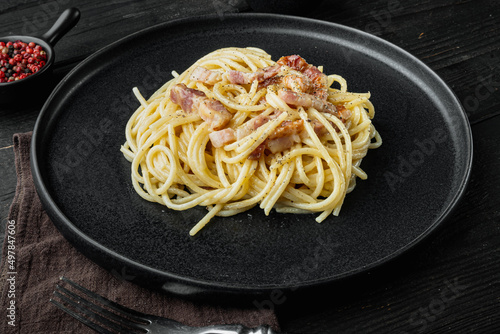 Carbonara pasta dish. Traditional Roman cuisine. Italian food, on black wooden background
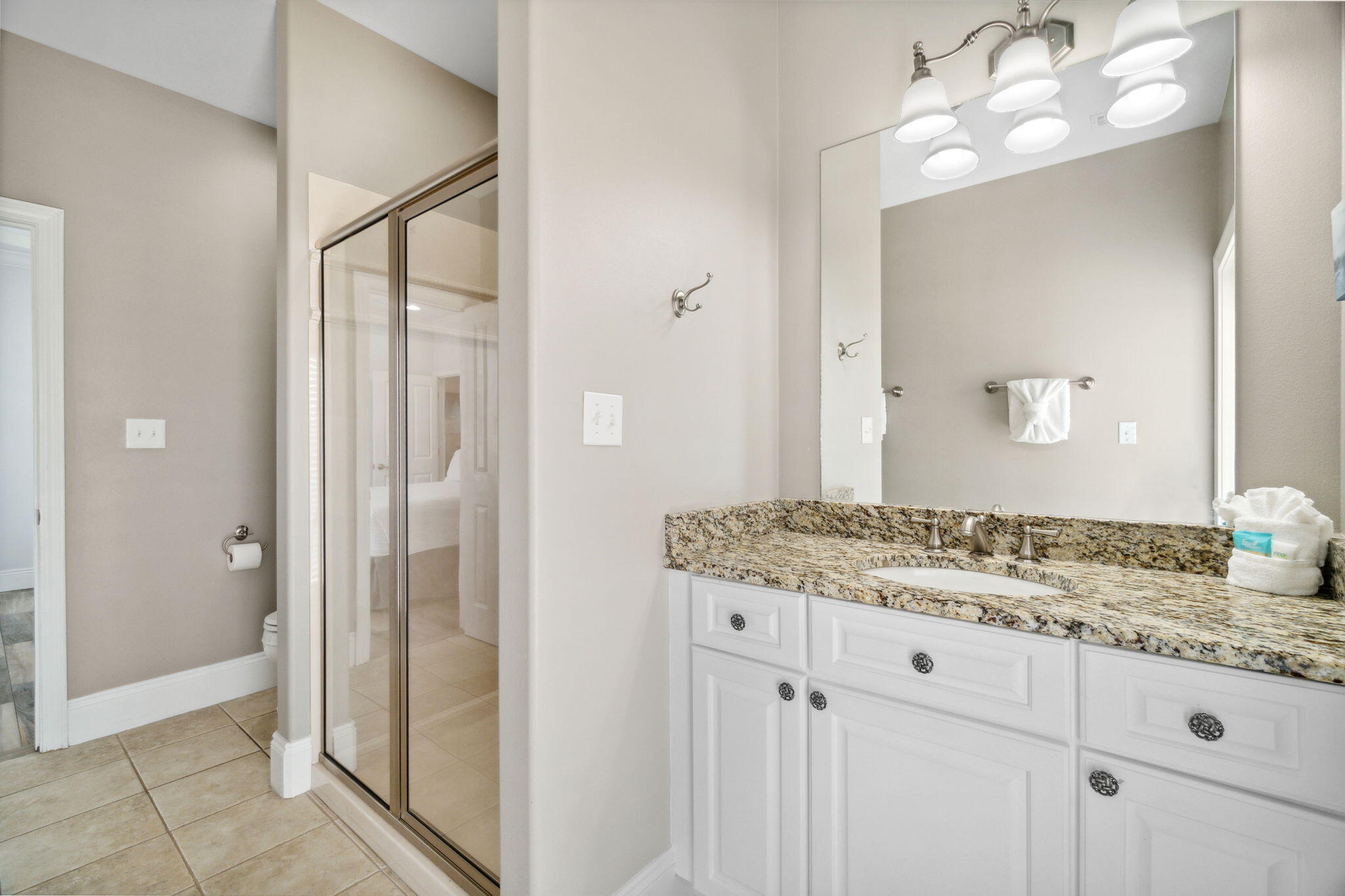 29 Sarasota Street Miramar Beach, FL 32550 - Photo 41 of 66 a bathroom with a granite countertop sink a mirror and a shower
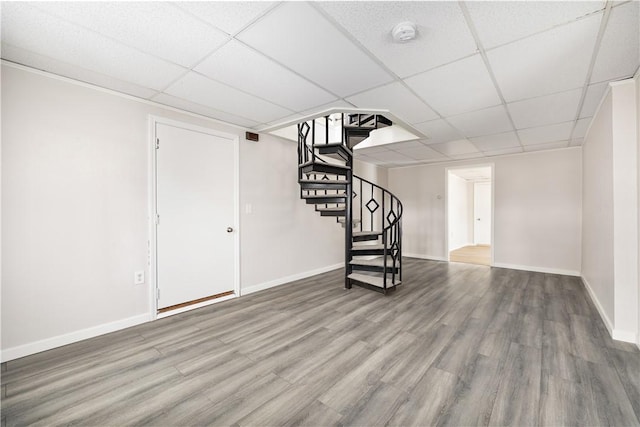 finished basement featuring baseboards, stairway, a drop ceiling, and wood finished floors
○ ○ ○ ○ ○ ○ ○
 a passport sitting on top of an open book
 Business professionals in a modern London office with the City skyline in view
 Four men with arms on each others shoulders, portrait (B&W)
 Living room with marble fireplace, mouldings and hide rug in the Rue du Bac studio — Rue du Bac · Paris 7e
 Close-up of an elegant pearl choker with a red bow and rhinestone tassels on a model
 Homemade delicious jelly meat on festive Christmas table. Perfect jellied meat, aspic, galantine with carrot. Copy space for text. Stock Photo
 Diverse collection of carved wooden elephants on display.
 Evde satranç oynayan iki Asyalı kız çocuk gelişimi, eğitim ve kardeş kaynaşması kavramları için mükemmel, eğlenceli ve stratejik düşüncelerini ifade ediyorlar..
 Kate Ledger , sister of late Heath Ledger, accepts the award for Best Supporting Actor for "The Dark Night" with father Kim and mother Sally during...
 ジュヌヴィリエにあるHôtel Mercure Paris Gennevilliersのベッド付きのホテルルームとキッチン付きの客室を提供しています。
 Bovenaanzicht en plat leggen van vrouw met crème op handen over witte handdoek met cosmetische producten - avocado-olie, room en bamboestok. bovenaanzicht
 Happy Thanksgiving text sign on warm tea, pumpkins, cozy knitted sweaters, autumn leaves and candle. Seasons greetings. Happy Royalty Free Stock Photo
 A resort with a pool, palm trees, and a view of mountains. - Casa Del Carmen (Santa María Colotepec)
○ ○ ○ ○ ○ ○ ○
TO DO: From the records above, reproduce exactly the lines from the one with "Living room with" to the one with "ジュヌヴィリエにあるHôtel Mercure Paris", both included, and no others.

RESPONSE TO THIS EXERCISE:
 Living room with marble fireplace, mouldings and hide rug in the Rue du Bac studio — Rue du Bac · Paris 7e
 Close-up of an elegant pearl choker with a red bow and rhinestone tassels on a model
 Homemade delicious jelly meat on festive Christmas table. Perfect jellied meat, aspic, galantine with carrot. Copy space for text. Stock Photo
 Diverse collection of carved wooden elephants on display.
 Evde satranç oynayan iki Asyalı kız çocuk gelişimi, eğitim ve kardeş kaynaşması kavramları için mükemmel, eğlenceli ve stratejik düşüncelerini ifade ediyorlar..
 Kate Ledger , sister of late Heath Ledger, accepts the award for Best Supporting Actor for "The Dark Night" with father Kim and mother Sally during...
 ジュヌヴィリエにあるHôtel Mercure Paris Gennevilliersのベッド付きのホテルルームとキッチン付きの客室を提供しています。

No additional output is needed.